Нет, зима прекрасна. Пусть она тянется долго. Уголь-то в Сибири есть. Топи себе и грейся. Зима — это стабильность. Наша русская стабильность, которая вымораживает в человеке всякую дурь вроде революций, вегетарианства и борьбы с глобальным потеплением.
Впрочем, и осень тоже ничего.
Уйдешь в тайгу, к березе прислонишься и слушаешь, как падают с нее листья. И вдруг тебя озаряет: неправильно ты живешь, братец. Суетливо. А ведь когда-то мечтал. Погрустишь, конечно. Светло так, себя, любимого, жалея. Пообещаешь, что с завтрашнего дня – точно. Позвонишь, скажешь правду, откажешься, простишь и признаешься, унесешь и больше не принесешь.

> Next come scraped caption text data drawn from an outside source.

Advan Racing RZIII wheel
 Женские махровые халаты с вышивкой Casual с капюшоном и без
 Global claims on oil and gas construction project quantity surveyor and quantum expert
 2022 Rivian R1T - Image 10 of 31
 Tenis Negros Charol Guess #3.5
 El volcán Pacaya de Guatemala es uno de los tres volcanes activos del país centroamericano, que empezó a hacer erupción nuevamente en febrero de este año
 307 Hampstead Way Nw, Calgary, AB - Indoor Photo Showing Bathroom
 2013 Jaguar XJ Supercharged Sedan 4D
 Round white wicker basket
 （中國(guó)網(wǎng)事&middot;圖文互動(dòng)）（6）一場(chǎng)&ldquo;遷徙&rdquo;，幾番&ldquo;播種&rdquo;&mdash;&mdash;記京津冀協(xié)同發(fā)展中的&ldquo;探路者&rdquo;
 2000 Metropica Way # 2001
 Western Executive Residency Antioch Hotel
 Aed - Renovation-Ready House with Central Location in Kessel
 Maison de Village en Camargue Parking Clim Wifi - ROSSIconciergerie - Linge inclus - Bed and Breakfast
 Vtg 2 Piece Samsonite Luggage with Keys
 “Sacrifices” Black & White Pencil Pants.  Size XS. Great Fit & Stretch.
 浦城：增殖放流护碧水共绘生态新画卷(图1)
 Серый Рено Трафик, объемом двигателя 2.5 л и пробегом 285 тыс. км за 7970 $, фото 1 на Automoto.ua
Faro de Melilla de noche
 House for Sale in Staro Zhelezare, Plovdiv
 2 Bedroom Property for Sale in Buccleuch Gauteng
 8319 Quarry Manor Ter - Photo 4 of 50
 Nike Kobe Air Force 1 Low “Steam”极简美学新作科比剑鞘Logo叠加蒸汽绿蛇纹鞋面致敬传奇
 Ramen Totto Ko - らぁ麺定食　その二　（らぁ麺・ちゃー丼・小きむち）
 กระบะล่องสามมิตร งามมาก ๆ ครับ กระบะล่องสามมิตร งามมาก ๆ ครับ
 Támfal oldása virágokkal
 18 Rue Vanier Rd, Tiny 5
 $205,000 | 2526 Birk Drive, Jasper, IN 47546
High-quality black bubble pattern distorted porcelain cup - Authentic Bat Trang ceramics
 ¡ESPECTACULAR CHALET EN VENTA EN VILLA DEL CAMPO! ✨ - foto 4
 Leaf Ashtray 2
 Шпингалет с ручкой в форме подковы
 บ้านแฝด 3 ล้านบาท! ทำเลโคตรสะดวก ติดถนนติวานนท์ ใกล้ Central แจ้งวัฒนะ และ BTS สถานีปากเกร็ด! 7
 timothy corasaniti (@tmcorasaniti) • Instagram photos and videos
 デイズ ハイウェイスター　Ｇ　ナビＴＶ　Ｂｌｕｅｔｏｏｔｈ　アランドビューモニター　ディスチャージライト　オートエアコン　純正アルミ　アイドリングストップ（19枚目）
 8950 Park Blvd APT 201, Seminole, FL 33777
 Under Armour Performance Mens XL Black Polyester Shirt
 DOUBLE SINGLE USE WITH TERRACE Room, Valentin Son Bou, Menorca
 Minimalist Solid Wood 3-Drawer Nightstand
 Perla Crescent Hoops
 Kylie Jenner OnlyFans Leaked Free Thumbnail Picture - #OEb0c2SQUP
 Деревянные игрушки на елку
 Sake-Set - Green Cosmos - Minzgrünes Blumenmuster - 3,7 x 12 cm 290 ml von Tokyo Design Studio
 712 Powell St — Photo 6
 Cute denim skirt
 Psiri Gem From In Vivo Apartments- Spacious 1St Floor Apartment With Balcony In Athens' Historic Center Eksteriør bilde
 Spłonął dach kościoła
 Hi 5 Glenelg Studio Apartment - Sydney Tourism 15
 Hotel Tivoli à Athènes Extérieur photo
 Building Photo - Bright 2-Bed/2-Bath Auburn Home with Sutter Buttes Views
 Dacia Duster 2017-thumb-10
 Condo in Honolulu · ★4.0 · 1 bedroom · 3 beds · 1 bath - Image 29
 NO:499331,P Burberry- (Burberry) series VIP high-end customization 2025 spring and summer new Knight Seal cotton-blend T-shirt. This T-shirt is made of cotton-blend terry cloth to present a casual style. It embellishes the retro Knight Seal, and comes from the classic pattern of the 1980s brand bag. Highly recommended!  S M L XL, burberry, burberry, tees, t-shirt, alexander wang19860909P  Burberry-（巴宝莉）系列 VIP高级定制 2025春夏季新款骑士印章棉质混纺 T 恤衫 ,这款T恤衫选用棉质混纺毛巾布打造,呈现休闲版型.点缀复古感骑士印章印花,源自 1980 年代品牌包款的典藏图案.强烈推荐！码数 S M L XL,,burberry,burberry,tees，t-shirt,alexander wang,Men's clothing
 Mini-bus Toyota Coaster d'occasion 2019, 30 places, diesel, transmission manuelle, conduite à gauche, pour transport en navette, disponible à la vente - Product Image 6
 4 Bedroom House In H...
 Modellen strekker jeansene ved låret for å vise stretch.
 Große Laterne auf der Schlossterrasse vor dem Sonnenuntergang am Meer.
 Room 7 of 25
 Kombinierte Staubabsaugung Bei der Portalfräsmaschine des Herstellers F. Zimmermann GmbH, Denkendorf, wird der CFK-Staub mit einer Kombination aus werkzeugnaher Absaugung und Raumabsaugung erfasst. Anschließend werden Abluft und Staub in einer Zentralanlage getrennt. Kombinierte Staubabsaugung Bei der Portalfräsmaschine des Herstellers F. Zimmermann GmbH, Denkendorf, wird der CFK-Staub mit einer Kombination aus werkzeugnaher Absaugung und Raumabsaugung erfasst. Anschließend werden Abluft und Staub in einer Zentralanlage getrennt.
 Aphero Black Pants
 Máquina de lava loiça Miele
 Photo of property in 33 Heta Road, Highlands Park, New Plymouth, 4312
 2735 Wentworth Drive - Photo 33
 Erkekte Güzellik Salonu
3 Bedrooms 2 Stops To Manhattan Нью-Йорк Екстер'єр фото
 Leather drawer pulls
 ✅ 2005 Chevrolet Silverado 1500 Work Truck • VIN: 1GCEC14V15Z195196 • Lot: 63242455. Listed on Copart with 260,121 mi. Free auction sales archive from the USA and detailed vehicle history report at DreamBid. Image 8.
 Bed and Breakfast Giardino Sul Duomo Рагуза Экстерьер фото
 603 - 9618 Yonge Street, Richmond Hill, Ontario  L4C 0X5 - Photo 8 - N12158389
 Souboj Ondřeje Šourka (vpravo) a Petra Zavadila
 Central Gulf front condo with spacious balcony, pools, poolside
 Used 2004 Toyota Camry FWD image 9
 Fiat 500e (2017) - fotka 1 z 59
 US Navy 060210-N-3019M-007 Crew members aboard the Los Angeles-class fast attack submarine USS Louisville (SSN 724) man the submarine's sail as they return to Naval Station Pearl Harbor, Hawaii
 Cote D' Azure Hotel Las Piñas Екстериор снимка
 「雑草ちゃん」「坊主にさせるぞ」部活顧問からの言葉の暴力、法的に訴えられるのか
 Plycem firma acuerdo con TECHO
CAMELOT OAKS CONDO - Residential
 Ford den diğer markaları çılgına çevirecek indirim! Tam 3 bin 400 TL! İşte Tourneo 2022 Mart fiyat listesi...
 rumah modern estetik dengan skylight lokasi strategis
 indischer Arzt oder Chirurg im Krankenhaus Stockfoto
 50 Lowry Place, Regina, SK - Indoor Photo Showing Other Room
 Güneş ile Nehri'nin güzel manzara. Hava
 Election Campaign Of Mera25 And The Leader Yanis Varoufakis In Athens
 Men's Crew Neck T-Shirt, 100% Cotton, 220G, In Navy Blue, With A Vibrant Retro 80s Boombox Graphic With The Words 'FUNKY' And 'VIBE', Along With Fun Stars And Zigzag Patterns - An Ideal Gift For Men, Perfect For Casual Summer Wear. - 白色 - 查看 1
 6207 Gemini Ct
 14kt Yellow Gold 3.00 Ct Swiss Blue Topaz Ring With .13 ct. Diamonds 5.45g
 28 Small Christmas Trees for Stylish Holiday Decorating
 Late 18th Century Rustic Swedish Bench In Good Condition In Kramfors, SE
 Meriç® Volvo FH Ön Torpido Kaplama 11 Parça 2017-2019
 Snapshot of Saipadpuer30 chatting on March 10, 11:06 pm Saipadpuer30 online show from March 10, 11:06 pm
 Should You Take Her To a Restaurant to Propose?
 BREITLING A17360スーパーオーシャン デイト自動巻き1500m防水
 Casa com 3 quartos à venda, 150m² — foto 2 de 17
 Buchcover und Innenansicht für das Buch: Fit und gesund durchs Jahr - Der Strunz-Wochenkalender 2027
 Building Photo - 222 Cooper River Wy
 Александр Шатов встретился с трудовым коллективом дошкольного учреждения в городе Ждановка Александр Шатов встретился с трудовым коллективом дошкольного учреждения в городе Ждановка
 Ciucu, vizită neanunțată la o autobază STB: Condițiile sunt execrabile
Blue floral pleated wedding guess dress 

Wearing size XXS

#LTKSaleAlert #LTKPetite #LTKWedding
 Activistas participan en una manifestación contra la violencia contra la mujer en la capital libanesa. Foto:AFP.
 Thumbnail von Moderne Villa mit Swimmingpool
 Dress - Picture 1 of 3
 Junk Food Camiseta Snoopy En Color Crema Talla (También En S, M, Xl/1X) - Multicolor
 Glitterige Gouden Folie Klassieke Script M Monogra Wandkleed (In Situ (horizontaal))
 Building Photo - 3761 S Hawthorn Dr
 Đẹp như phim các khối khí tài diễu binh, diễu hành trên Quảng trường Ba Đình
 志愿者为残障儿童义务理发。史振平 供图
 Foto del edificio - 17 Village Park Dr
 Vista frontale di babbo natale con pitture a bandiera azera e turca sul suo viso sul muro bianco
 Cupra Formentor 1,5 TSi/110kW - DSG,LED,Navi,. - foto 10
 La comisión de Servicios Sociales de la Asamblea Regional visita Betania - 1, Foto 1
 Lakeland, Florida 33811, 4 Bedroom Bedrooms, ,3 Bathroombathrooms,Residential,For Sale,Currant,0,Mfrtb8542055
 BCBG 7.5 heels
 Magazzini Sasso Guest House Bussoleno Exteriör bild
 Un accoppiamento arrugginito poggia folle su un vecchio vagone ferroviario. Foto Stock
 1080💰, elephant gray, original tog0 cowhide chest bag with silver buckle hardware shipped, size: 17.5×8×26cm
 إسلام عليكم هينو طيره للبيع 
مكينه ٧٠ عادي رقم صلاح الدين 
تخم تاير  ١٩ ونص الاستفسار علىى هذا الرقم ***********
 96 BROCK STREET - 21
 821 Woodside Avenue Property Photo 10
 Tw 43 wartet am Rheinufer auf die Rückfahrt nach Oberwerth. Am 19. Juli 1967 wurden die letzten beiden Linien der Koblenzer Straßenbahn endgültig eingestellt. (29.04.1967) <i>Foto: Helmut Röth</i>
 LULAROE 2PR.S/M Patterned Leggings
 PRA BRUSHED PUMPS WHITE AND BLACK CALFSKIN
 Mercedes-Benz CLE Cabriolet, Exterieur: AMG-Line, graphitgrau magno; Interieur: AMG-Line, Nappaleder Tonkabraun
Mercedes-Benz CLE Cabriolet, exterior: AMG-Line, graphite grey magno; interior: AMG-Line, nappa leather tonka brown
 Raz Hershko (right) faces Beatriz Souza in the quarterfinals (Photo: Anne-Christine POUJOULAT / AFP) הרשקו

Безалаберная и порывистая весна сулит надежды. Вздрогнешь в предвкушении: а вдруг опять? Как тогда? Но подлый возраст и злая мудрость скептически ухмыляются: да брось ты. Оно тебе надо? Трепет сердца и разочарования.
Эй вы там, заткнитесь оба, больно умные.
Лето… Ну что лето? Приятная подготовка к зиме. И персики везде! Куда ни глянешь – там персик, и там. А вот еще два, лучше тех. Глазам больно.
Вроде все перечислил, ничего не забыл?
Как тот еврейский мальчик, которого спросили на собеседовании перед поступлением в первый класс, сколько он знает времен года. Тот сказал, что шесть. Комиссия удивилась: выйди, Фима, подумай.
Он вышел весь в слезах и объясняет маме:
— Мама, я и правда не знаю больше никаких «Времен года», кроме Вивальди, Гайдна, Пьяццола, Лусье, Чайковского и Глазунова!
— Фима, а Десятников?! Десятников где, я тебя спрашиваю?!
Кстати, надо как-нибудь послушать. Всех семерых.
Зима длинная, время будет.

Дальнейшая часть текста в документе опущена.